Sul fondo dello stagno di acquacoltura si accumula infatti un deposito tossico di prodotti di scarto e di escrementi che costringe ad abbandonare lo stagno dopo pochi anni di utilizzo per spostarsi altrove.
In Thailandia nel giro di dieci anni sono stati abbandonati il 60 per cento dei siti di allevamento perché ormai inquinati. Occorrono poi almeno trent’anni per poter riabilitare le zone adibite a ex allevamento.
I crostacei provenienti da questi allevamenti contengono le sostanze contaminanti impiegate come disinfettanti, pesticidi, antibiotici (molto probabilmente anche quelli proibiti in Europa). L’impiego di tonnellate di antisettici è inevitabile negli allevamenti, per evitare che si propaghino infezioni, visto che i crostacei crescono nei loro escrementi. Queste sostanze e gli alti livelli di inquinamento organico alterano le difese naturali degli altri pesci selvaggi che vivono in quelle aree e li allontanano da queste zone, quindi diventano inservibili anche per i pescatori che si guadagnano da vivere.
Problemi su diritti umani, lavoro minorile e schiavitù nell’industria dei gamberi in Thailandia
In Thailandia il 90 per cento della forza lavoro del settore ittico, di cui i gamberi sono la fetta principale, impiega 250mila persone che provengono dalla Birmania. Si tratta di lavoratori immigrati, con minime o nulle tutele sindacali.

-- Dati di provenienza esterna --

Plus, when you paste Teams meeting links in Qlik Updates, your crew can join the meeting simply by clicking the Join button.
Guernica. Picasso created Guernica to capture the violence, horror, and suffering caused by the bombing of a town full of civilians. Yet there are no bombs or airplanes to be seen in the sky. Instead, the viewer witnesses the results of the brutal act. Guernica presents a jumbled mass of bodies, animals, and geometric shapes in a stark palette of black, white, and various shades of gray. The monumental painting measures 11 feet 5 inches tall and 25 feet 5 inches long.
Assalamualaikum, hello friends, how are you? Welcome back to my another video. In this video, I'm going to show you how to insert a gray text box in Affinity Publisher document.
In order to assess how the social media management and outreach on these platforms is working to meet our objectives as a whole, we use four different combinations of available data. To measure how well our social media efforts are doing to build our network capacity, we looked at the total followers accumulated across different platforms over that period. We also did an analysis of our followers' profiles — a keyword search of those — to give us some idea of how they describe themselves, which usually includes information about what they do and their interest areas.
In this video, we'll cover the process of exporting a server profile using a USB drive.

E c’è di peggio. Un terzo di questi lavoratori sono minori di età compresa tra i 15 e i 17 anni. Tutte persone che lavorano in condizioni al limite della schiavitù, fino a 12 ore al giorno, in balia di datori di lavoro senza scrupoli.
Come consumatori non si può più fare finta di niente. “Scegliamo di non acquistare gamberetti e scampi che provengano dall’Asia e se non è possibile verificarne la provenienza, non acquistiamoli affatto – ha detto Aidan McQuade, direttore di Anti-Slavery International – se acquistiamo scampi e gamberetti provenienti dalla Thailandia, tanto più se sono sgusciati, compriamo qualcosa che è stato prodotto rendendo schiavi degli esseri umani”.

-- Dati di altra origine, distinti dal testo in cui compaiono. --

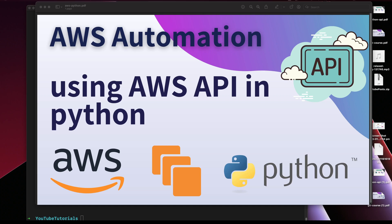Hey guys, welcome back to my channel. Today I'll be doing a very short and sweet video on using the Python API for automation of AWS EC2 instances. What we will be achieving here is deploying an EC2 machine from a Python script, and we'll be using boto3 as a Python module to achieve this.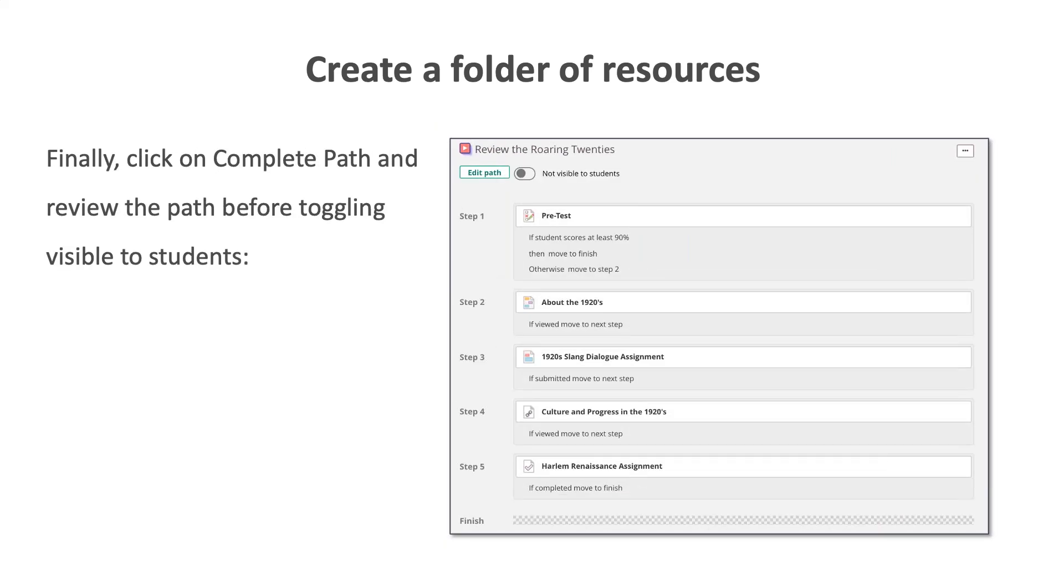After you have selected the criteria for students to meet to move to the next step in the learning path, click on complete path. Then, review the path before toggling visible to students. If you do not toggle visible to students, your students will not be able to access the learning path.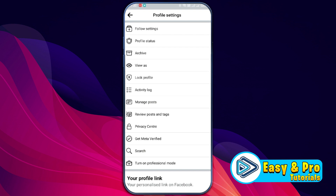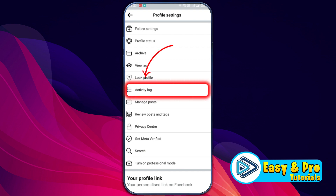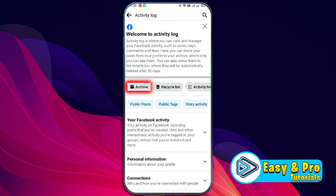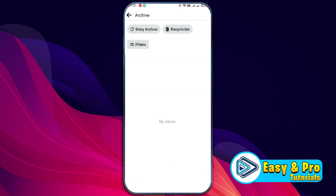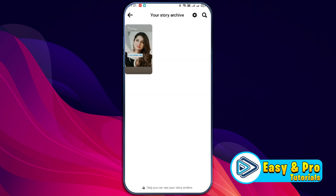From here you need to open this activity log, and here you will be able to see this archive option. Open it and here it is. If you want to open this story archive, you can simply click here and it will open up like this. So that's how you can see story archive on Facebook in just a few easy steps.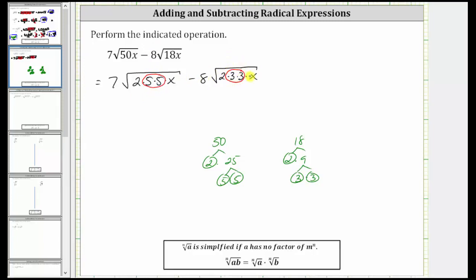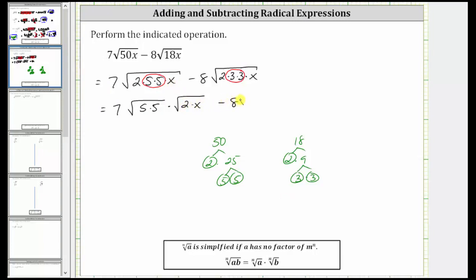Notice how both square roots will simplify. To emphasize this, let's write these square roots as a product of square roots, where the first square root only contains the perfect square factors. Let's write this as seven times the square root of five times five times the square root of two times x, and then we have minus eight times the square root of three times three times the square root of two times x.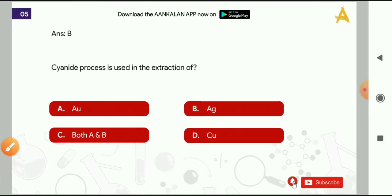Moving ahead with the fifth question: cyanide process is used in the extraction of? Options are: AU (gold), AG (silver), both A and B, or copper. The correct answer is option C, that is both A and B.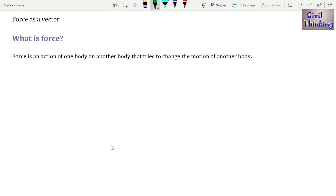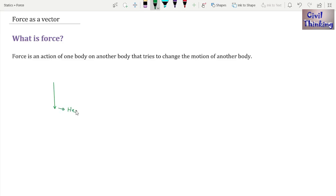In our first class we will talk about force as a vector — that is today's topic. First of all, what is a vector? A vector is something which has a direction and a magnitude. We represent a vector with the help of an arrow. We call one end the head and the other end the tail of the vector.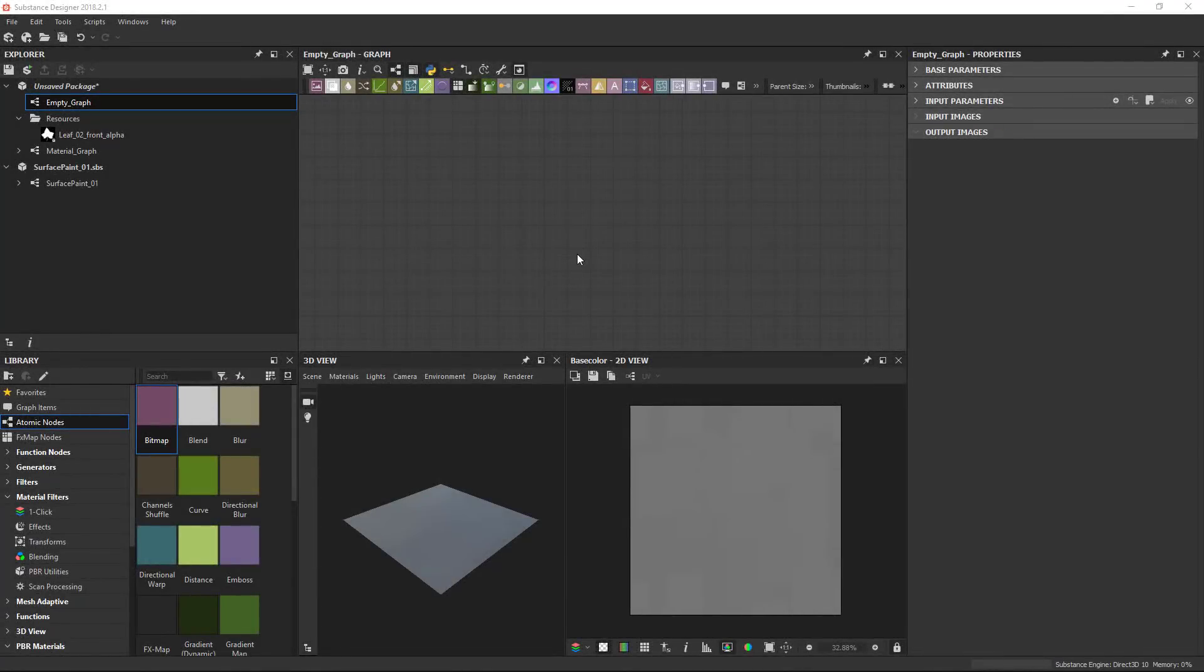In this video, I'll be talking about the graph view. The graph view is the main and most important view of Substance Designer. It sits right in the middle here, and this is where you build your graphs and you get the texturing magic to happen.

L’inchiesta del Guardian era scaturita un rapporto del 2013 della Environmental Justice Foundation, un’organizzazione non governativa, che ha descritto gli abusi nell’industria thailandese dei gamberetti. Ha anche spronato una raffica di risposte aziendali: Walmart ha detto che si sarebbe “attivamente impegnata” nella questione; Costco ha detto che stava dicendo ai suoi fornitori “di intraprendere azioni correttive”; e Tesco, la più grande catena di supermercati in Gran Bretagna, lo definì “completamente inaccettabile”. Un anno dopo, come rileva il Washington Post in un aggiornamento significativamente intitolato “Don’t eat that shrimp”, la situazione non era migliorata.

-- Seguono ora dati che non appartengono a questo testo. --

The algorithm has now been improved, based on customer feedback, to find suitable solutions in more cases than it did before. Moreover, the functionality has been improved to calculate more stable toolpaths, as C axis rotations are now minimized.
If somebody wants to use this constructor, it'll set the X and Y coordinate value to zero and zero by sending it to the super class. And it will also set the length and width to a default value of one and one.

E infine, come racconta un’ultima, più recente inchiesta della Cbc, in Thailandia, dove s’era promesso di risarcire le vittime della schiavitù con i sindacalisti del settore che avevano elargito abbondanti rassicurazioni, poco s’è smosso. Invece, alcuni pulitori di gamberetti ridotti in schiavitù sono stati deportati. E alcuni capannoni dove si lavorano i gamberetti sono stati ispezionati, riautorizzati a continuano a funzionare. Per riempire le nostre coppette di cocktail di gamberi.